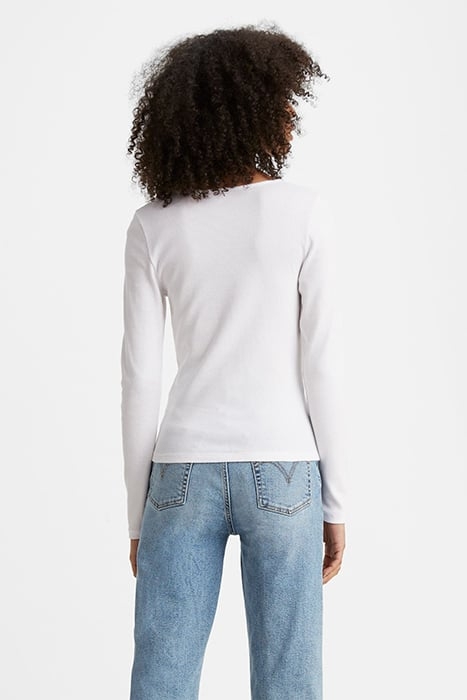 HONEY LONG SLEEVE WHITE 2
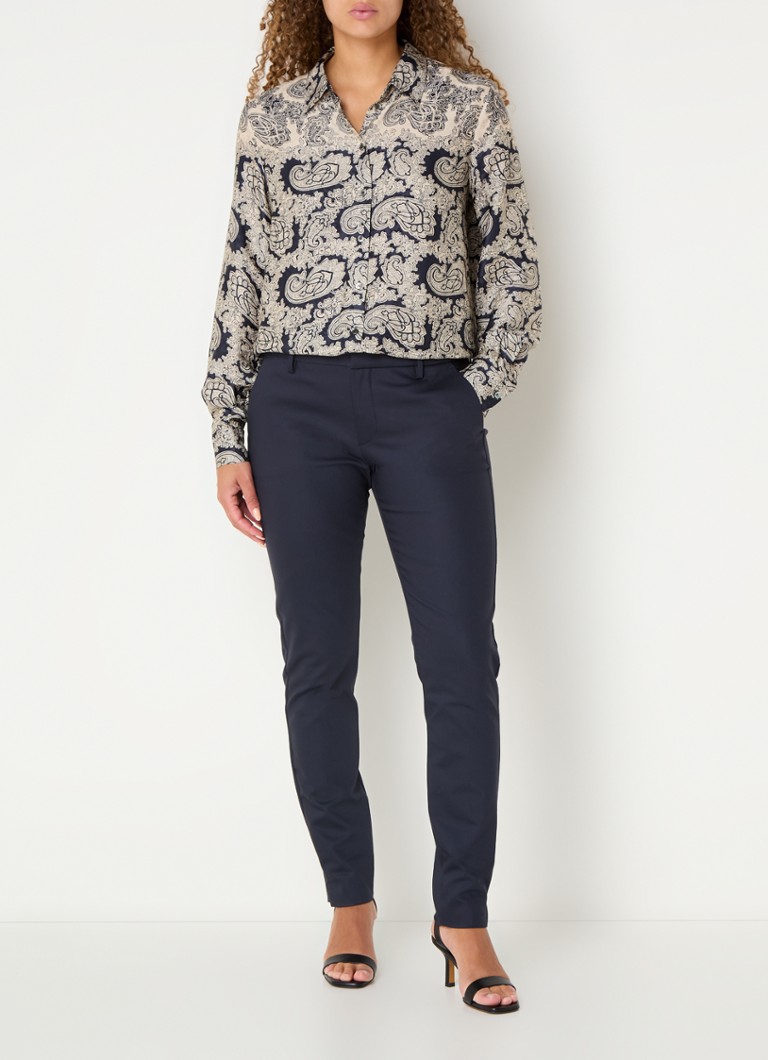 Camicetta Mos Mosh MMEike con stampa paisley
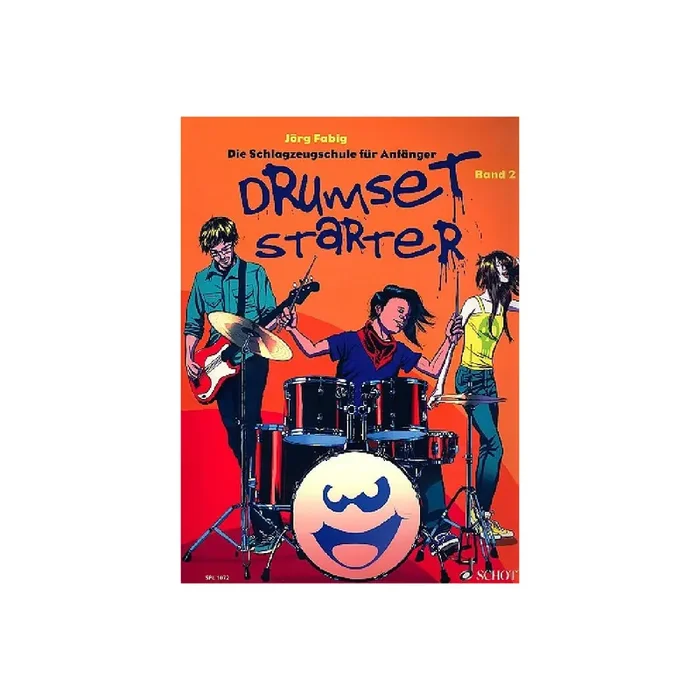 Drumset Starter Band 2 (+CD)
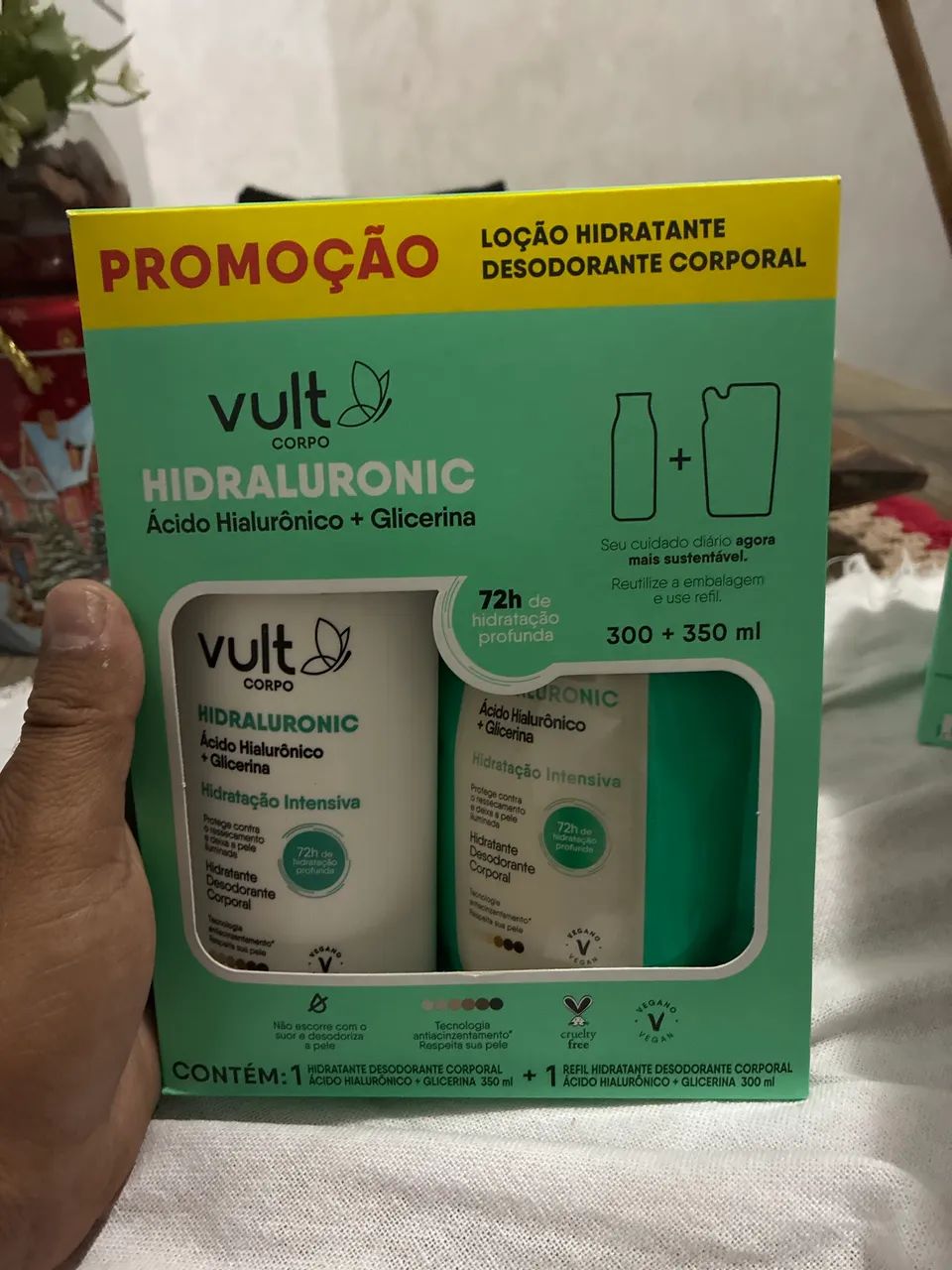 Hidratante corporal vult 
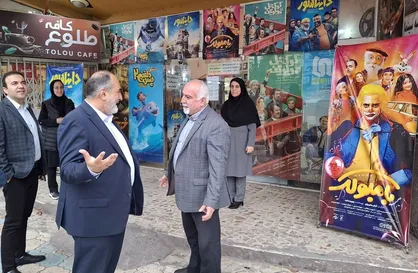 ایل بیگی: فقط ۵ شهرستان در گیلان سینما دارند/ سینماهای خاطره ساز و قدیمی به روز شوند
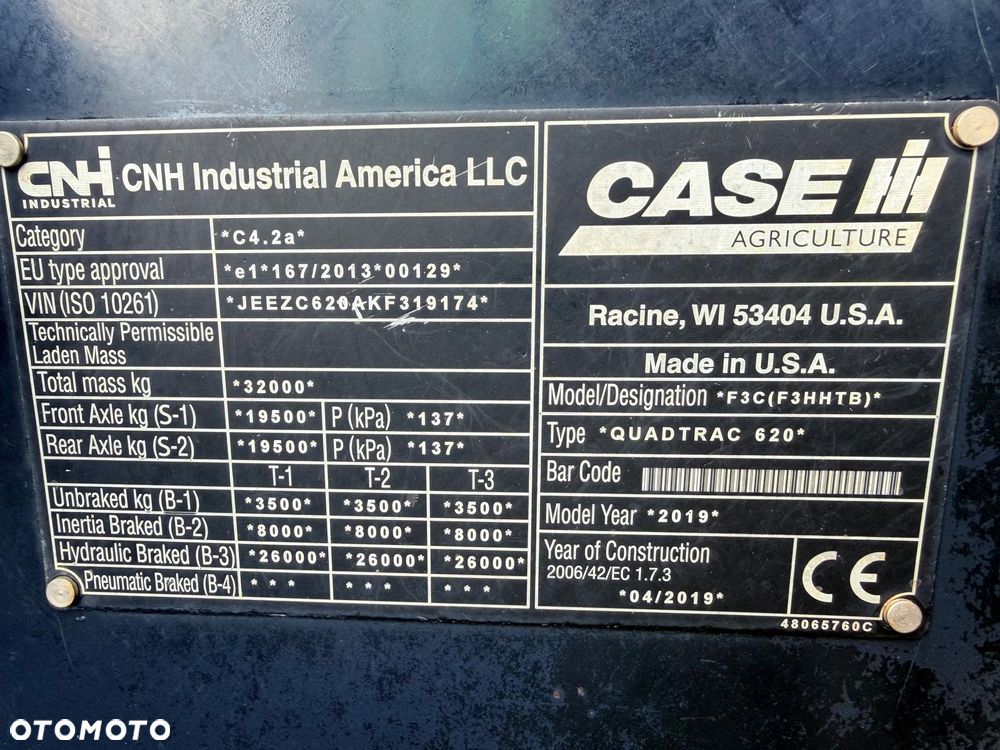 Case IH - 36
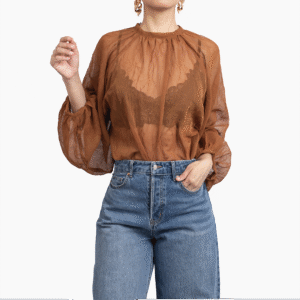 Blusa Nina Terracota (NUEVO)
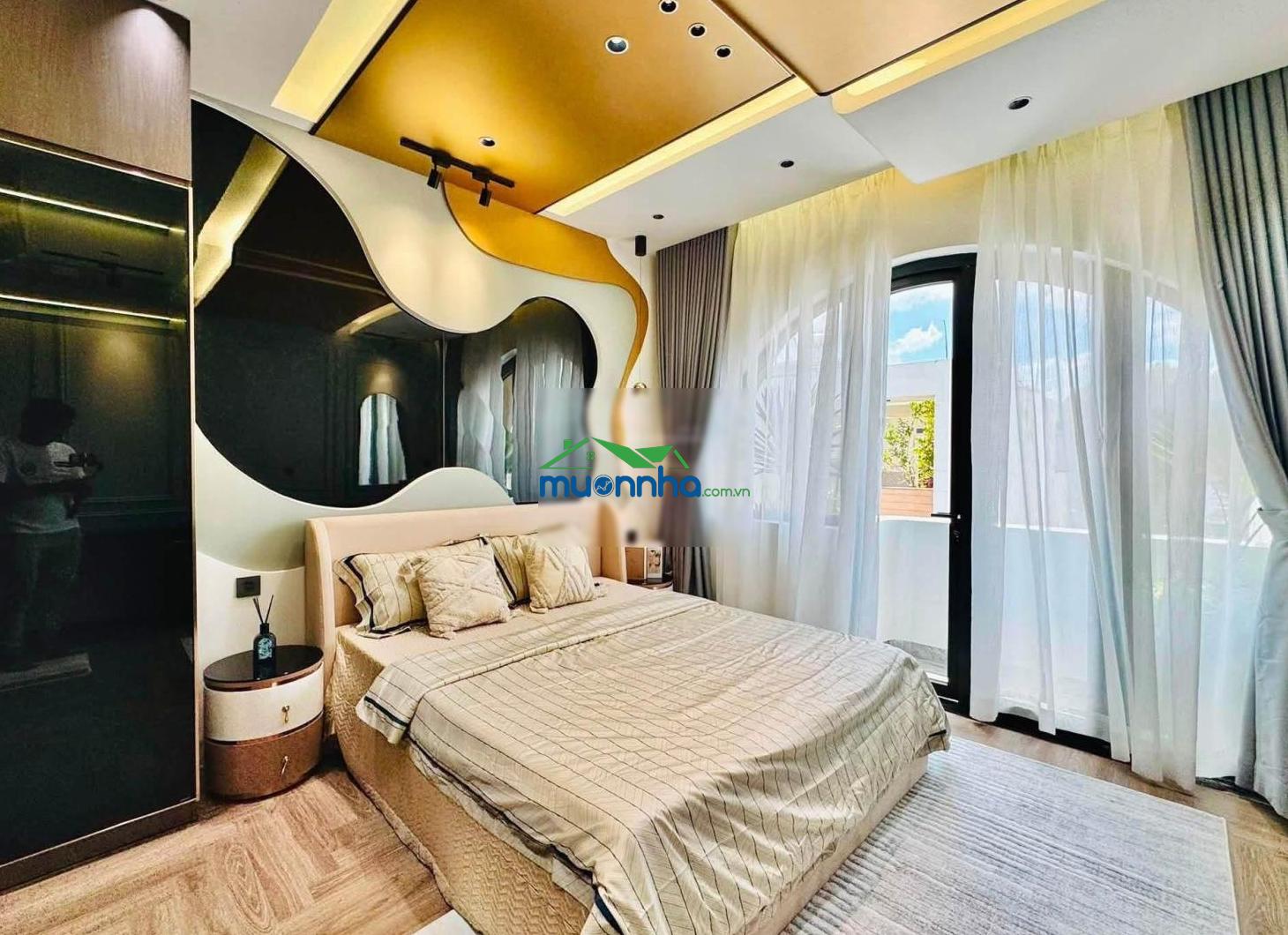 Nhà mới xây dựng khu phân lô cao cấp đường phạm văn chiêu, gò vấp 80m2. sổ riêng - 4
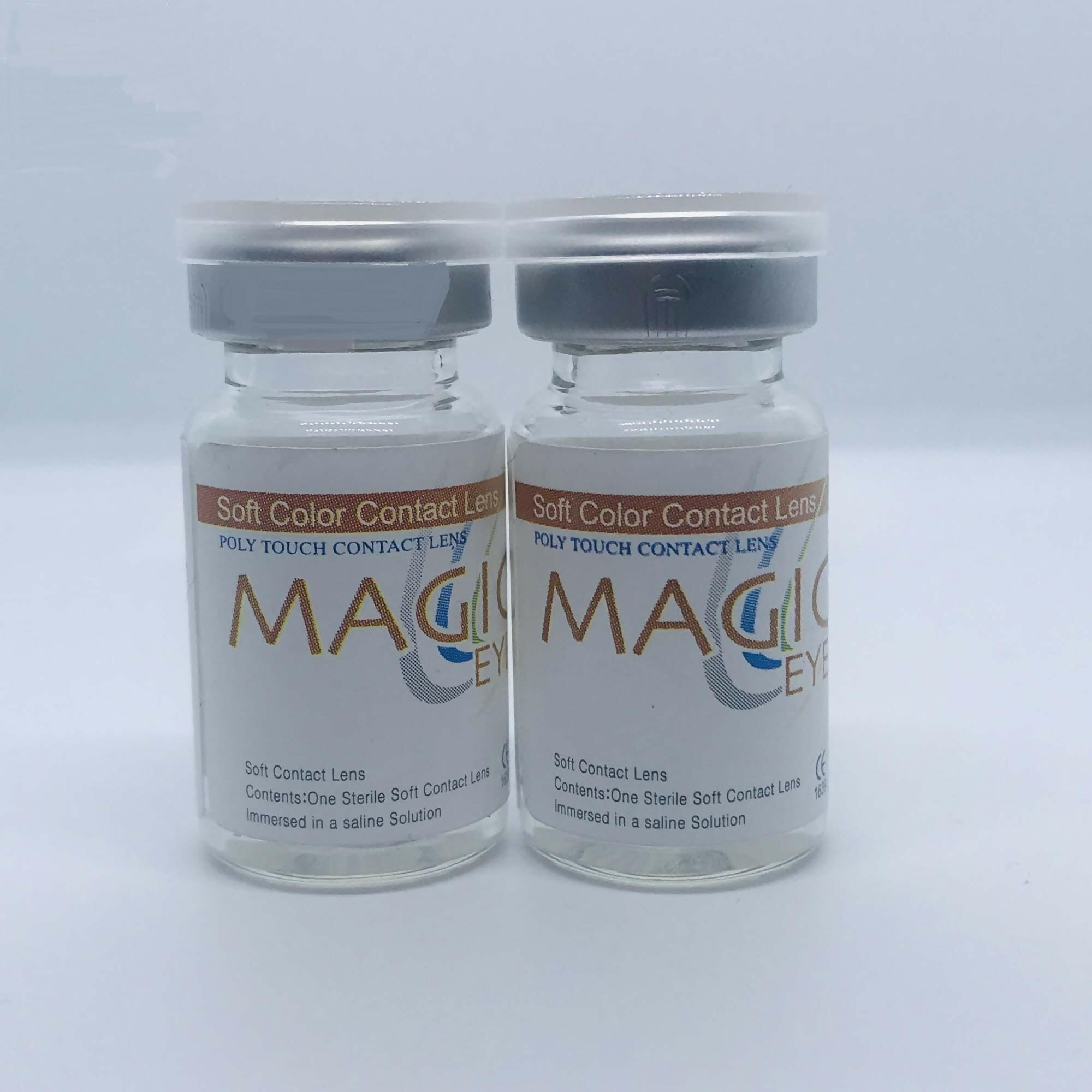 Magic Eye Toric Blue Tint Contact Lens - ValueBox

● ● ● ● ● ● ●

- [What is required]:
If a picture falls within the lines from the one containing "Nhà mới xây" through the end of the material, leave it out while repeating those lines exactly.

- [Response to this task]:
 Nhà mới xây dựng khu phân lô cao cấp đường phạm văn chiêu, gò vấp 80m2. sổ riêng - 4
 Magic Eye Toric Blue Tint Contact Lens - ValueBox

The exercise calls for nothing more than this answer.